About this exercise — As soon as the line containing "Satechi ワイヤレス テンキー 本体のサムネイル" appears in the material below, start returning lines exactly, and end with the line containing "Nitas Arkitektur AB logotyp".

Entries shown —
_____

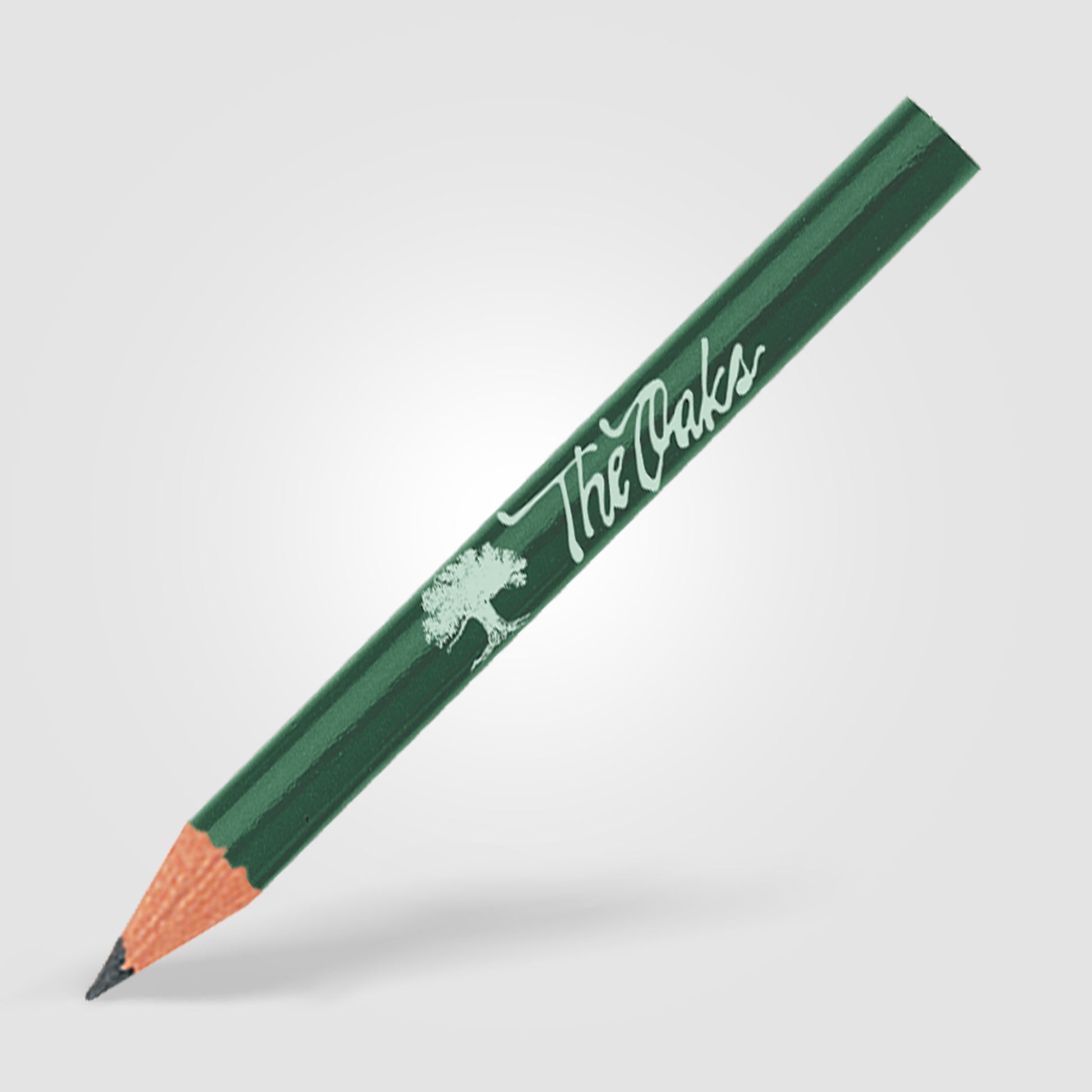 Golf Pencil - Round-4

_____

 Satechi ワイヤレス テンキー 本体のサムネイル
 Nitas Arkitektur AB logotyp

_____

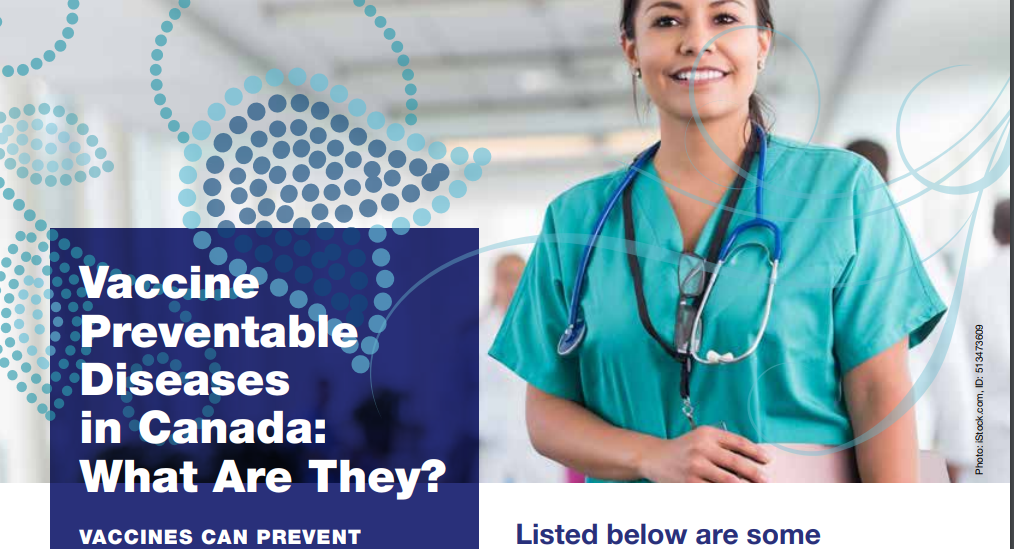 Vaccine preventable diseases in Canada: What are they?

_____

Solution to this exercise —
 Satechi ワイヤレス テンキー 本体のサムネイル
 Nitas Arkitektur AB logotyp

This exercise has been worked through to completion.